Our Novel: Oliver Twist
Our book for 2022-2023 will be Oliver Twist, or the Parish Boy's Progress, which was published serially in Bentley's Miscellany between February 1837 and April 1839. The publisher Richard Bentley had founded the monthly periodical in 1836, choosing Dickens to be its first editor. True to its name, the Miscellany published a variety of stories, poems, and essays, but it was the novels it published that gained the widest fame.
The original readers of Oliver Twist identified it as a "Newgate Novel" or novel of crime. Such books were widely popular in the 1830s. They frequently drew upon real-life events and sensational accounts of recent (and sometimes historical) robberies and murders. Many of these books glamorized the lives of criminals, something Dickens tried to avoid in Oliver Twist. Instead, he showed the grim underbelly of society as a way to push for reform.
George Cruikshank, one of the most popular artists of the day, provided the original illustrations for Oliver Twist. Cruikshank had already illustrated Dickens's Sketches by Boz, as well as The Mudfog Papers, a collection of stories that had run in Bentley's Miscellany.
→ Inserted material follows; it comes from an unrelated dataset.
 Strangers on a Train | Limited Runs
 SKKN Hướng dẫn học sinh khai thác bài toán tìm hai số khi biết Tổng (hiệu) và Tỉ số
In fact, the first chapter of Oliver Twist connected the novel with The Mudfog Papers when Dickens originally opened it with the line: "Among other public buildings in the town of Mudfog, it boasts of one which is common to most towns great or small, to wit, a workhouse…"
Later, when Dickens revised the chapters that had run in Bentley's Miscellany to appear as a stand-alone book, he changed the first line of the novel to: "Among other public buildings in a certain town, which for many reasons it will be prudent to refrain from mentioning, and to which I will assign no fictitious name, there is one anciently common to most towns, great or small: to wit, a workhouse…"
Though Dickens's revisions later obscured the novel's origins as simply one story of many, the book's history as part of a larger publication explains its numerous "twists" and turns as the author strove to keep his readers' attentions.